YOUR ASSIGNMENT.
Would you copy each line of the data below that has "Button"?
*** SOURCE RECORDS Section Begins ***
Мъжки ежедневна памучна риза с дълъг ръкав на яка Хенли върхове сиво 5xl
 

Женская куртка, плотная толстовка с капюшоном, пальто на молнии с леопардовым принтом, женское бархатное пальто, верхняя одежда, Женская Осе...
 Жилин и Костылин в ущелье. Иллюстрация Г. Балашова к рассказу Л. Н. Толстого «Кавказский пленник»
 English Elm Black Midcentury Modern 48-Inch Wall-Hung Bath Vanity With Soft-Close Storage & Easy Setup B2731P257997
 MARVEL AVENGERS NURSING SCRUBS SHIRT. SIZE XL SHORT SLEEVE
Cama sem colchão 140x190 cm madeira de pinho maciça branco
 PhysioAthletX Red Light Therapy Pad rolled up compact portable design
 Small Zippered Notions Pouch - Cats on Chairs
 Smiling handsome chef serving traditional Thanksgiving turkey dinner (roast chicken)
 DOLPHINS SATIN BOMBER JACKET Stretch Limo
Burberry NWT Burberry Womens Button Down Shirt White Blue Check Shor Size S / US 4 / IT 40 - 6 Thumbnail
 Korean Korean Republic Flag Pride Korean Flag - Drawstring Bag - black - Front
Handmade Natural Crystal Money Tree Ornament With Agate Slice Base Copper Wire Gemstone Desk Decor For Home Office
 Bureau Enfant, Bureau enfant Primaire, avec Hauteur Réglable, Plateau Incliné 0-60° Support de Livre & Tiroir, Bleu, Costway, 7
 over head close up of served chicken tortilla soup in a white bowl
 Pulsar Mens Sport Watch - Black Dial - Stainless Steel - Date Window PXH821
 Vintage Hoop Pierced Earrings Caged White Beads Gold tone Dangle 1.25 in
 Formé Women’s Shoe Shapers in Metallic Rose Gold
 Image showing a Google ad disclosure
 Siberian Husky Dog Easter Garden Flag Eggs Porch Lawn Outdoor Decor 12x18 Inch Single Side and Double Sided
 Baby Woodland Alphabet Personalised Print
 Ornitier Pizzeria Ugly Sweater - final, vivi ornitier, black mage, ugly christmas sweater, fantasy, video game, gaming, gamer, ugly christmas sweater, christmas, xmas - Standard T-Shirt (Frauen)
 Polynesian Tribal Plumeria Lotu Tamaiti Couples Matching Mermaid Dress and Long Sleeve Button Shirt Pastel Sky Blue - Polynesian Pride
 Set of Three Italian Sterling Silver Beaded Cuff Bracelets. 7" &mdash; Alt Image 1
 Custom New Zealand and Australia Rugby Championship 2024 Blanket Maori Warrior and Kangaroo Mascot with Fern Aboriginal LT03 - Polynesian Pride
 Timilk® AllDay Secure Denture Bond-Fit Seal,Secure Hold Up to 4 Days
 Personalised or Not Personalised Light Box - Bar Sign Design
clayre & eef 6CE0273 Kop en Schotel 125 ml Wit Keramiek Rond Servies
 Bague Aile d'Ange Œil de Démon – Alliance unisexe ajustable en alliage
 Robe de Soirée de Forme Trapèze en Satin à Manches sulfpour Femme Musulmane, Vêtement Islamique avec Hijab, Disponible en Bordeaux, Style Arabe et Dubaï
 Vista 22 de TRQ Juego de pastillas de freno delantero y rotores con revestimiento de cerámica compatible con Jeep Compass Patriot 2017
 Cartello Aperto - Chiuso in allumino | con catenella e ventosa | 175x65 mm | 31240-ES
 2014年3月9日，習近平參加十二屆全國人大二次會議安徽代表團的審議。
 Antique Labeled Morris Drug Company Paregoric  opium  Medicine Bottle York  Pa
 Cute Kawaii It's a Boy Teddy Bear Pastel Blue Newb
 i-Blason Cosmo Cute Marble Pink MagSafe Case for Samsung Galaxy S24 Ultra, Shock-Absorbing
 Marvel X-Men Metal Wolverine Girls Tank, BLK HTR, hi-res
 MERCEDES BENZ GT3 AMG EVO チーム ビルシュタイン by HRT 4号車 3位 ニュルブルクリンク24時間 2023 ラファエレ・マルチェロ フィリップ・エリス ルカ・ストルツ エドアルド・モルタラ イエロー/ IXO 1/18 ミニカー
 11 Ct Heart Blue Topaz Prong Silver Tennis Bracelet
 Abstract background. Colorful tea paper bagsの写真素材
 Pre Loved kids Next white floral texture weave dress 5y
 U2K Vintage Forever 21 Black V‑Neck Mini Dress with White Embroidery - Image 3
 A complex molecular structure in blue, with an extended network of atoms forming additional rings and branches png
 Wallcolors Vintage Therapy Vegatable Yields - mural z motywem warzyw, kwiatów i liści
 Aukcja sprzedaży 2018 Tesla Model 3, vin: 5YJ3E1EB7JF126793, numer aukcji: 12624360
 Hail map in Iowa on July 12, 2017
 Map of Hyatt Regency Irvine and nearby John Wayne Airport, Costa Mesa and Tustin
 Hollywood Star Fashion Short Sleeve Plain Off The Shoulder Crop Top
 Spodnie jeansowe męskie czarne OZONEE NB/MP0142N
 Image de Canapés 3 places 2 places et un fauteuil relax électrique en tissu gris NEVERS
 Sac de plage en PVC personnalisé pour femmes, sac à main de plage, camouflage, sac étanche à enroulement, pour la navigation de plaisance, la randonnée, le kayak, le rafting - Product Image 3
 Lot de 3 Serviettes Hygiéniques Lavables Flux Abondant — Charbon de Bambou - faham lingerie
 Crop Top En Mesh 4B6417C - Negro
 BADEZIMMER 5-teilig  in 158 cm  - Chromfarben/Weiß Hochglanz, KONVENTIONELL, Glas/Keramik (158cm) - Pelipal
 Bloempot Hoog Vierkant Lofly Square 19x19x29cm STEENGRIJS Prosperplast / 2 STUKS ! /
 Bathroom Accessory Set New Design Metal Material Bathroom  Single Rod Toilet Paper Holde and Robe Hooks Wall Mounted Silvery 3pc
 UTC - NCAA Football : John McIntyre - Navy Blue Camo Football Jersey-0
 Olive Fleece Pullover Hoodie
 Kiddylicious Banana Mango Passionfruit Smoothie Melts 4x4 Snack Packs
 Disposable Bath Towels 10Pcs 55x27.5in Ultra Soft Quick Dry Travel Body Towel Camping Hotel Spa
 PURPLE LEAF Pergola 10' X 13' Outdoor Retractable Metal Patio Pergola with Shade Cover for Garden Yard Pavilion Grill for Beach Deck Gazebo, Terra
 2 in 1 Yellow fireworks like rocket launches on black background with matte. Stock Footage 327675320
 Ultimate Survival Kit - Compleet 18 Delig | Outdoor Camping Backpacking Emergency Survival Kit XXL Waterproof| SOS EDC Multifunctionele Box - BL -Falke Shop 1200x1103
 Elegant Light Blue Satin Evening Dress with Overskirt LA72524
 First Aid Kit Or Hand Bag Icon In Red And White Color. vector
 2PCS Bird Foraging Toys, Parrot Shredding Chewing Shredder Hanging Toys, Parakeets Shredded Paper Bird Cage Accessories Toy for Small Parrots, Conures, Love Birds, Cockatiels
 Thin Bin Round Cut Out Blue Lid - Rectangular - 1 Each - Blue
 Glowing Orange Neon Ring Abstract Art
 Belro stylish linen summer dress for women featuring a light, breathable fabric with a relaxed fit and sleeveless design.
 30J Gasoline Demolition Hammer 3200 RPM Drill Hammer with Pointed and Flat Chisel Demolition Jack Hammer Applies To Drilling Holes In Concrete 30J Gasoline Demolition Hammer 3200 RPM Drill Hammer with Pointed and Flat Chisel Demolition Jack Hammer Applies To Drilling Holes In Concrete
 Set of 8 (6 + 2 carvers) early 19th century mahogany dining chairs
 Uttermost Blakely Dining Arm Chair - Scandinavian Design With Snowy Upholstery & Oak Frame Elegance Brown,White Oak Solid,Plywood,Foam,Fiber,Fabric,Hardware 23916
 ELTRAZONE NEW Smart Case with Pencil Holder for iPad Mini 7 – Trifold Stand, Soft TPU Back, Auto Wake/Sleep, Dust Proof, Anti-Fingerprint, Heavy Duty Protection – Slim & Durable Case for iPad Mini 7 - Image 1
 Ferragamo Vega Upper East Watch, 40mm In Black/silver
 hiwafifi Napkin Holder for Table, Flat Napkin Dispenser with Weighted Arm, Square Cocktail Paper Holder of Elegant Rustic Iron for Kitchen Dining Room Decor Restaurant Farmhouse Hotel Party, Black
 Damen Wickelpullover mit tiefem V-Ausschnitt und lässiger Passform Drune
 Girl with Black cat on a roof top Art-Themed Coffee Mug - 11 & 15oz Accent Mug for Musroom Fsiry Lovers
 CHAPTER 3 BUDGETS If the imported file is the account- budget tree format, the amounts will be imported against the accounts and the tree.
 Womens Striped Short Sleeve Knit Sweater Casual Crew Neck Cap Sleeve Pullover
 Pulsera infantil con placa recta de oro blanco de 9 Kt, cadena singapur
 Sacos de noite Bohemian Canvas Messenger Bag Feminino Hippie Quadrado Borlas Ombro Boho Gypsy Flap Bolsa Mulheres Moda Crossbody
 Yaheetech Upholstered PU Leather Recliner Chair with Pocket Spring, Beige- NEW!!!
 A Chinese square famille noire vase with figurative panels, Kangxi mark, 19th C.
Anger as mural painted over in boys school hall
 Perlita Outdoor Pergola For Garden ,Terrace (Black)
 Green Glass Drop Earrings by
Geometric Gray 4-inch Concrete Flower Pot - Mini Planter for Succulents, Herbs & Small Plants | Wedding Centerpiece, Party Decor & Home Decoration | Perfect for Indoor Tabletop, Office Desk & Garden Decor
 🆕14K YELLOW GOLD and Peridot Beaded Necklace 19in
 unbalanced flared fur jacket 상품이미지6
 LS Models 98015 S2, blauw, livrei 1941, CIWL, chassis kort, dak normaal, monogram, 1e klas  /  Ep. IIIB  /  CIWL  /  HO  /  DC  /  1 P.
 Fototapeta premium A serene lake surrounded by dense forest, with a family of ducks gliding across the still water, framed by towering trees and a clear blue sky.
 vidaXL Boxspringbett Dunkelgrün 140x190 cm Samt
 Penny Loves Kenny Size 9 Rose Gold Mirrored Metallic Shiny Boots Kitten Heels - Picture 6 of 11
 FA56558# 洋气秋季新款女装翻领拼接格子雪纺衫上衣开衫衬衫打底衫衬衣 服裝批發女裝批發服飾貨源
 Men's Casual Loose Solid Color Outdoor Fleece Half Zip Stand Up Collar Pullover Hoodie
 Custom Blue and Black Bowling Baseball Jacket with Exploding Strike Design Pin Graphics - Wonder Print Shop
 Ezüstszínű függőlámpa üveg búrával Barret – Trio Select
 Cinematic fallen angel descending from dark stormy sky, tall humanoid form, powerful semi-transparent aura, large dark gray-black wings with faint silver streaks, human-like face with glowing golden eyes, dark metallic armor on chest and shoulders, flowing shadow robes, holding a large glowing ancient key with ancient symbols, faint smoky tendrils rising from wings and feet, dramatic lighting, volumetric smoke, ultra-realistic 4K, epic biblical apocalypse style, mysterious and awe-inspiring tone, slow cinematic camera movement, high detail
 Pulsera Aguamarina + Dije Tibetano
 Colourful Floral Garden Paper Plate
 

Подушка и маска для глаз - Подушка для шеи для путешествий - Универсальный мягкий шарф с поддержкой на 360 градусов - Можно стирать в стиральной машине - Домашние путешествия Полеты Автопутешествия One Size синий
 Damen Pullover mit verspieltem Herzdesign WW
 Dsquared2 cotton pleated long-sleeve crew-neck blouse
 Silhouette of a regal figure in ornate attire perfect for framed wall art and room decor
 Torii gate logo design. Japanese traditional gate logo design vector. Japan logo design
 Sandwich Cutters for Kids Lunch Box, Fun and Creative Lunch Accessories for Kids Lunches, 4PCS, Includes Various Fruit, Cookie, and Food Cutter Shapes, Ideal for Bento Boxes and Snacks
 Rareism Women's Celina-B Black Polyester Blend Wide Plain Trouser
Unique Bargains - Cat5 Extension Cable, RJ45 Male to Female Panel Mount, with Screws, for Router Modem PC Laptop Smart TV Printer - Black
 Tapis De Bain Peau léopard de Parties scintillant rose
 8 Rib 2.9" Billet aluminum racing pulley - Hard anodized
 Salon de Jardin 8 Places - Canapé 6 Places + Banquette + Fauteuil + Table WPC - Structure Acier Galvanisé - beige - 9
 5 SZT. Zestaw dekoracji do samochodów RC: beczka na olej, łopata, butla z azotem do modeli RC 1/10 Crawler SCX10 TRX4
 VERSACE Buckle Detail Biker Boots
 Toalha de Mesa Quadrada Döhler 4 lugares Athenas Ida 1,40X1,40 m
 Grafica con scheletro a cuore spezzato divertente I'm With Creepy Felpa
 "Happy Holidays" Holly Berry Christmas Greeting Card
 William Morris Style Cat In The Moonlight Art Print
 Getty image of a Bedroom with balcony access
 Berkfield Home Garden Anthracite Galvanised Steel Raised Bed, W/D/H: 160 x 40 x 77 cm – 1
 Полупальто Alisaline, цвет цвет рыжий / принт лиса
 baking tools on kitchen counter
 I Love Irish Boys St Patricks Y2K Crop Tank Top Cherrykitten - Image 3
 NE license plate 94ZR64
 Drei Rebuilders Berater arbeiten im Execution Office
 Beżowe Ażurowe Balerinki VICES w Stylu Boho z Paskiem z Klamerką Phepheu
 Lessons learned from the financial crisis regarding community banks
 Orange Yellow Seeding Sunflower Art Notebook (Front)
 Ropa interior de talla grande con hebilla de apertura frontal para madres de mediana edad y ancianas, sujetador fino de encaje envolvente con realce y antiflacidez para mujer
*** SOURCE RECORDS Section Ends ***
SOLUTION TO THIS EXERCISE.
Burberry NWT Burberry Womens Button Down Shirt White Blue Check Shor Size S / US 4 / IT 40 - 6 Thumbnail
 Polynesian Tribal Plumeria Lotu Tamaiti Couples Matching Mermaid Dress and Long Sleeve Button Shirt Pastel Sky Blue - Polynesian Pride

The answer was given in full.